Energyville: scénario avec des éoliennes en mer supplémentaires et de nouvelles (petites) centrales nucléaires est la voie la moins chère vers la neutralité climatique d'ici 2050
Comment la Belgique peut-elle être neutre sur le plan climatique d'ici 2050 à moindre coût ? Des scientifiques de l'institut de recherche Energyville se sont penchés sur cette question dans une nouvelle étude commandée par Febeliec, la fédération des grands consommateurs industriels d'énergie. Ils ont examiné 3 scénarios et ont conclu que le scénario d'électrification, avec une plus grande contribution des éoliennes offshore (en mer) et de nouvelles centrales nucléaires, est le meilleur. La transition vers un approvisionnement énergétique neutre en carbone d'ici 2050 en Belgique sera la moins coûteuse avec une combinaison d'éoliennes offshore supplémentaires (8GW+16GW) et de nouveaux petits réacteurs nucléaires ou SMR (6GW).
3 scénarios
Les chercheurs d’Energyville ont comparé trois options :
- Un scénario de référence dans lequel les énergies renouvelables, le stockage et la réutilisation du CO2 (CCS et CCUS) et les molécules vertes contribuent à atteindre l'objectif.
- Un scénario d’ « électrification » avec une plus grande contribution de l'éolien en mer et de nouvelles (petites) centrales nucléaires - dites SMR.
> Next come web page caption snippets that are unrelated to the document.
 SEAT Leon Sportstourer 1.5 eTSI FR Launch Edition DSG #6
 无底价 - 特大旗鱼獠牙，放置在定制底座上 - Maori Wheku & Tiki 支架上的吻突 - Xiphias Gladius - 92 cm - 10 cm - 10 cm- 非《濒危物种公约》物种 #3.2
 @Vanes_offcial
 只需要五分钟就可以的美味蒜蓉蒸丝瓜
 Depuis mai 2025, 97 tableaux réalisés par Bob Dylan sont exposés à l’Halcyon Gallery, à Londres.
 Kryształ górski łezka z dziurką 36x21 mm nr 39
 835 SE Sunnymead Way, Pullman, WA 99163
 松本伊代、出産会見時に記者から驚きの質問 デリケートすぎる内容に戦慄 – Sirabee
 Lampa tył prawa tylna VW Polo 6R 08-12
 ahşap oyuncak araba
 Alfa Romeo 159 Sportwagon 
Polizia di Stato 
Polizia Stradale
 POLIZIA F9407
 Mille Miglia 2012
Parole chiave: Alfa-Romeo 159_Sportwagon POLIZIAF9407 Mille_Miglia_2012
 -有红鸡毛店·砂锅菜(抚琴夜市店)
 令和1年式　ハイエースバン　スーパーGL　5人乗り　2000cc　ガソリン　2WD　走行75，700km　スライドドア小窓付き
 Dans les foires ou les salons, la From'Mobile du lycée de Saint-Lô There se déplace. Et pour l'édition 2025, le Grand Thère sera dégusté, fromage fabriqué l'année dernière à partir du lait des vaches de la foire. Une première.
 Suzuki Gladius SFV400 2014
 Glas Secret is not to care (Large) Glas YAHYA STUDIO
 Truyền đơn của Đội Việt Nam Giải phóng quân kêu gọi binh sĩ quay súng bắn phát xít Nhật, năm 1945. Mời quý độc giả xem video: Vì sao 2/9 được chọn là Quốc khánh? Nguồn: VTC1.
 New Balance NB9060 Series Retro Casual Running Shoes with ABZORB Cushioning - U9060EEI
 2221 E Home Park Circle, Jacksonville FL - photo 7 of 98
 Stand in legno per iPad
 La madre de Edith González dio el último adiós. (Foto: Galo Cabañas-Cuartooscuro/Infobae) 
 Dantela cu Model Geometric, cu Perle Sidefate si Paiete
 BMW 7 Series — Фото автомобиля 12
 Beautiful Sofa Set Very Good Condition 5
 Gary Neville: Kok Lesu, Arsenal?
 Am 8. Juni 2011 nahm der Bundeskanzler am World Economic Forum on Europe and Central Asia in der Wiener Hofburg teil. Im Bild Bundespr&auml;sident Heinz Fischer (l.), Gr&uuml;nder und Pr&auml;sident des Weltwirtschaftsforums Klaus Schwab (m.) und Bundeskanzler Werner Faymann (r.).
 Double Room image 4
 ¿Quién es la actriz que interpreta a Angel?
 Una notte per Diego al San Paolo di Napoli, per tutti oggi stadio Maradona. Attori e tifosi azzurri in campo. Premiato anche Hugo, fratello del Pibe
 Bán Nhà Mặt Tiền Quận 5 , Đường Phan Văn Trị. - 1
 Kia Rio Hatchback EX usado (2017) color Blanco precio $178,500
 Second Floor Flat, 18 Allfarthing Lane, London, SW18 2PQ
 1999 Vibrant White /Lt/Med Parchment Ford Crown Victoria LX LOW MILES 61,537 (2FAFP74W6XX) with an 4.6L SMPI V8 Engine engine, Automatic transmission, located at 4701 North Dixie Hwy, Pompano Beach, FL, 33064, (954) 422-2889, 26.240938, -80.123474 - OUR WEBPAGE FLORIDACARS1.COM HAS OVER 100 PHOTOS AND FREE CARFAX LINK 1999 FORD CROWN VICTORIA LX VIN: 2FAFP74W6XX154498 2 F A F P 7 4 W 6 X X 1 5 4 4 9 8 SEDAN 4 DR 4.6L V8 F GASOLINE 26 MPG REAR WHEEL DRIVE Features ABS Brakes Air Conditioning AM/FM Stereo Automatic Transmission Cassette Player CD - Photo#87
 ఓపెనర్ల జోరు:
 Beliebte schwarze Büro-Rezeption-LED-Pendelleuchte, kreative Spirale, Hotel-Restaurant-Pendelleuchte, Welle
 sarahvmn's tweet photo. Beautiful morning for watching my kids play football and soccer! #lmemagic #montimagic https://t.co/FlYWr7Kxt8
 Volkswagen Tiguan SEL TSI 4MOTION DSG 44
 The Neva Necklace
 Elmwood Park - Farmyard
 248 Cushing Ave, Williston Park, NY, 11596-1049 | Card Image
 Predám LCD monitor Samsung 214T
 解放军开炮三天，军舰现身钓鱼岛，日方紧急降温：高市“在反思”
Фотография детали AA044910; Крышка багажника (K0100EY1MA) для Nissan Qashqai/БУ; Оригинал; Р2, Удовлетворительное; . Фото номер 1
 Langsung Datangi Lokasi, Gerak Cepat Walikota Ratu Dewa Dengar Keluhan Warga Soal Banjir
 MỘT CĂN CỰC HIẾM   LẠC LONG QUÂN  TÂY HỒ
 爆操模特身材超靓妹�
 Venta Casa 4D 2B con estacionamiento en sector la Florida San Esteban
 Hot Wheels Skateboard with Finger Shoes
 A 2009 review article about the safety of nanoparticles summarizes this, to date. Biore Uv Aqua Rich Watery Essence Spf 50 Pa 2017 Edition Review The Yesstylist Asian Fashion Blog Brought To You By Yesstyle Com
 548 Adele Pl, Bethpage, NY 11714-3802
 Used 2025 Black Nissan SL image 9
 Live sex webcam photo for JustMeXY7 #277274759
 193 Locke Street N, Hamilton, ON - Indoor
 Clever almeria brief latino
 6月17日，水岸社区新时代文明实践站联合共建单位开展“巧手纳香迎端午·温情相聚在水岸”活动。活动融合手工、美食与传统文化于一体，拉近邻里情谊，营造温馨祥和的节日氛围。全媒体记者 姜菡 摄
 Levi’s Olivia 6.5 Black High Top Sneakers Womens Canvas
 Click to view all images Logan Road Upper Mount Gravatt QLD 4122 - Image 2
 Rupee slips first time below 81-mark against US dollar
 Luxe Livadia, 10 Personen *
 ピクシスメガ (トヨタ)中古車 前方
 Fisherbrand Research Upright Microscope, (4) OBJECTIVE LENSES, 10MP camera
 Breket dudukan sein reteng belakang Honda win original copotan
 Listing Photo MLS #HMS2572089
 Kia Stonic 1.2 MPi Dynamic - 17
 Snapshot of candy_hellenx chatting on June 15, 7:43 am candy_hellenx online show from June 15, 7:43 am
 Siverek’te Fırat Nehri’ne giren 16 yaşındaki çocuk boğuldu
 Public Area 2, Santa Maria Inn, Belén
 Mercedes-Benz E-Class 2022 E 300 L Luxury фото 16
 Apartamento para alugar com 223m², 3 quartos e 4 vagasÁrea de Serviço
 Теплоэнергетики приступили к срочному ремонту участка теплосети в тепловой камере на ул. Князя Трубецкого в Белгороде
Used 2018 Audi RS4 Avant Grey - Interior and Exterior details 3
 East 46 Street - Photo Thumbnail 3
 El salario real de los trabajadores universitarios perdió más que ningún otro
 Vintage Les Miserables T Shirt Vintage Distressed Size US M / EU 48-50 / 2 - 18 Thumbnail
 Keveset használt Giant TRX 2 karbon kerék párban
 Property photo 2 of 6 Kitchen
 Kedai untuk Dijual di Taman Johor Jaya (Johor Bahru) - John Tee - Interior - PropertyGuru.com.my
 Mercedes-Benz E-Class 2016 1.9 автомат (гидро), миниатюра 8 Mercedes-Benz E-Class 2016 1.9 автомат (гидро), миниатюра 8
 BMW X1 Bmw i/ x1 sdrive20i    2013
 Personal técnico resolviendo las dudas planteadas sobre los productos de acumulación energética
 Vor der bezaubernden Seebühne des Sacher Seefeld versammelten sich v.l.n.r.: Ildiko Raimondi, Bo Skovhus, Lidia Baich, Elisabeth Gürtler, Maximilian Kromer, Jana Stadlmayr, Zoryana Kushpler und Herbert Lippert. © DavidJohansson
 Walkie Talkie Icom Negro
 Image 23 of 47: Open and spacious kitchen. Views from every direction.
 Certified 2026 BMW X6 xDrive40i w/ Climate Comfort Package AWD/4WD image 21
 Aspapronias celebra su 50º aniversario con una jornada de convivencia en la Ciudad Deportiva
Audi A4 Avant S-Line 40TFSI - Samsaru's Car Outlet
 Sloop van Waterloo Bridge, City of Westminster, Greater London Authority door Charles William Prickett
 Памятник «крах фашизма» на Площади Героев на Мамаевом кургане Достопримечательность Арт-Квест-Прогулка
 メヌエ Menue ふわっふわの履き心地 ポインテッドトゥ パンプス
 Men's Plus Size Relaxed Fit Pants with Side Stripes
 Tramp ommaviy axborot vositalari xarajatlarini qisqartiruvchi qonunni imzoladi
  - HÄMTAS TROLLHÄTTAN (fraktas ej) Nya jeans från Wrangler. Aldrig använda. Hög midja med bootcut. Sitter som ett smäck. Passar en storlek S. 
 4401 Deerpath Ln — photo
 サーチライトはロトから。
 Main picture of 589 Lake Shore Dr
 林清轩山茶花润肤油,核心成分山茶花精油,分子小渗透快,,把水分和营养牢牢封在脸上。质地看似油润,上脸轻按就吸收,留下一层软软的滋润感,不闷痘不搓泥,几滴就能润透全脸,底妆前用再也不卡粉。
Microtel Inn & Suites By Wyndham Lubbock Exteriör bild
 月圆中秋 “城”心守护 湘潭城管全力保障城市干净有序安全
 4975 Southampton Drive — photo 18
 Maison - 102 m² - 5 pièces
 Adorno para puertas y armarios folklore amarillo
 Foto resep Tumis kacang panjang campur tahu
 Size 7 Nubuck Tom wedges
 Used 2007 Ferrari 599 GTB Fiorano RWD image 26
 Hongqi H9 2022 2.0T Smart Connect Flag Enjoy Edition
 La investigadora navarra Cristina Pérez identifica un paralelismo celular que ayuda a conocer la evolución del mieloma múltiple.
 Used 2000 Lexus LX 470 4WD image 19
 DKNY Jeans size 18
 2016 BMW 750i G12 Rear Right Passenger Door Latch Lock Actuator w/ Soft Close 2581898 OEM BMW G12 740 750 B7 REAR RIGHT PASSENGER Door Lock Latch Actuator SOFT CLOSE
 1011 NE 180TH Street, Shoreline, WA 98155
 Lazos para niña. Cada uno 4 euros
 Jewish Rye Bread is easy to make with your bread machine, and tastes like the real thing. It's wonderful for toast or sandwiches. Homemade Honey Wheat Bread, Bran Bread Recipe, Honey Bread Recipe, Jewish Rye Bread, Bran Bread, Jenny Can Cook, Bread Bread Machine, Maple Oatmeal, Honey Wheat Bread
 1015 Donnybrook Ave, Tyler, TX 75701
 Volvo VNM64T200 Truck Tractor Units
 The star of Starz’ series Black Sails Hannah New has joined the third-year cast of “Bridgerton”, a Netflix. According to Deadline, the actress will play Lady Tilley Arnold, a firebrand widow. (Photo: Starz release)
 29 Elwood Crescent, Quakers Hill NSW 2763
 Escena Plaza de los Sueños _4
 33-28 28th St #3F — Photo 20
- Un scénario « molécules vertes » avec une plus grande contribution des molécules vertes (comme l'hydrogène vert).
Coût substantiel
Tous les scénarios nécessiteront des investissements substantiels et des coûts opérationnels nettement plus élevés. Avec des investissements compris entre 2 et 4 % du produit intérieur brut (PIB) actuel, la Belgique peut devenir climatiquement neutre tout en maintenant son industrie actuelle (y compris les productions à forte intensité énergétique, comme l'acier, le ciment, l'ammoniac, etc.)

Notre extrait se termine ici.